Failing a stable platform, you'll need to handhold the camera. Shooting in the dark at slow shutter speeds requires good technique regardless of what the camera or lens is capable of. A blurry shot is just that. You should practice holding and shooting your camera: - Grip the camera firmly, but in a relaxed way. It's not going to jump out of your hand. - Support the lens and body with your left hand, under the body and cradling the lens. - Keep your arms tucked in, close to your body - and not out to the sides. - Your legs should be spread slightly, in a relaxed fashion. Do not be so rigid here. - You want to gently squeeze the shutter release and follow through. - Some people swear by "soft releases."

When All Else Fails and Other Ideas

So you held the camera steady, and have a reasonably sharp photo. The exposure is right on. But the noise is still there. What to do? As mentioned earlier, you can darken the photo using various means to hide the noise as much as possible. One method is to decrease the overall exposure of the photo if the lit areas of your scene allow it. Another trick is to boost the contrast of the scene, which tends to crush your blacks, or shadows - where most noise lives. Noise reduction software and plugins are one option. The key is to keep it to a minimum, as invariably you will lose detail and the image begins to look a bit "plastic." One final trick is to convert your image to black and white. The biggest problem with digital noise, unlike film grain - is that it's just that - noise. Not just luminance noise, but color noise; a random sprinkling of brightly colored specks. If noise reduction techniques are leaving your image a little odd, try a black and white conversion! You'd be surprised at how film-like noise can look when treated this way.

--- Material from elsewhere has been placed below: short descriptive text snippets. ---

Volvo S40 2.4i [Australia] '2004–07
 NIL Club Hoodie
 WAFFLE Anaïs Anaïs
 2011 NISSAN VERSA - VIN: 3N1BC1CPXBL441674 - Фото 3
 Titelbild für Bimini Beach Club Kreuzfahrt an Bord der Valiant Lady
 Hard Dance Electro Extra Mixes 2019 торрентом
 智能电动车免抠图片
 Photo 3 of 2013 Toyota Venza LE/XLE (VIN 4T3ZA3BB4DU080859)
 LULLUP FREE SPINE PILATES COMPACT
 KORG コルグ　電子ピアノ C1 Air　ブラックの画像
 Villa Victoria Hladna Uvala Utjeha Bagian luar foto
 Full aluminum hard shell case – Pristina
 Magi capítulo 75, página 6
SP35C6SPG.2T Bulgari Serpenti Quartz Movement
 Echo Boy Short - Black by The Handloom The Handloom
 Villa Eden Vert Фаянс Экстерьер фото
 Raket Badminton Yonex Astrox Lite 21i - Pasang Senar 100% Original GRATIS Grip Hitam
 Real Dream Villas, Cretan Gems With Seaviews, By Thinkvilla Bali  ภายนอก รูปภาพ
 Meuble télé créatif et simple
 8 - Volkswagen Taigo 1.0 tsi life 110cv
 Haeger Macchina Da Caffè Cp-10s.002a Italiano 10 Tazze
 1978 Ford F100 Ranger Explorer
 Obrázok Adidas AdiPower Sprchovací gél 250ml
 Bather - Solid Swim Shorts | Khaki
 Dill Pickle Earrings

Another technique is to imply. You don't always need a well-lit subject to tell your viewer what is going on. You can imply it. Shoot in a silhouette. Use backlighting to your advantage to define your subject and what they're doing in the scene. You don't need every detail to be visible to see someone leaning against a wall, smoking a cigarette under a streetlamp. This dark mood can say a lot more than a bright, flat image.

Also, don't be afraid to embrace the limitations. Everybody wants or expects a cracking sharp photo or it's a fail. However, you don't need a sharp photo to make your point. Some of the best photos are imperfect and it's their imperfection that adds magic. Life isn't a postcard; it's a moving, ever-changing event. Embrace your subjects motion to lend a bit of life to your image... Slightly blurred legs of people walking by, trails of light from passing cars and planes. Photos are about capturing a moment and generating an emotional response from your viewer. If you've done this, you'd be surprised at how much one can overlook if it's not the perfect image. Sometimes a completely blurry, colorful shot of blobs moving in space is an interesting image in its own right. Don't be afraid to experiment.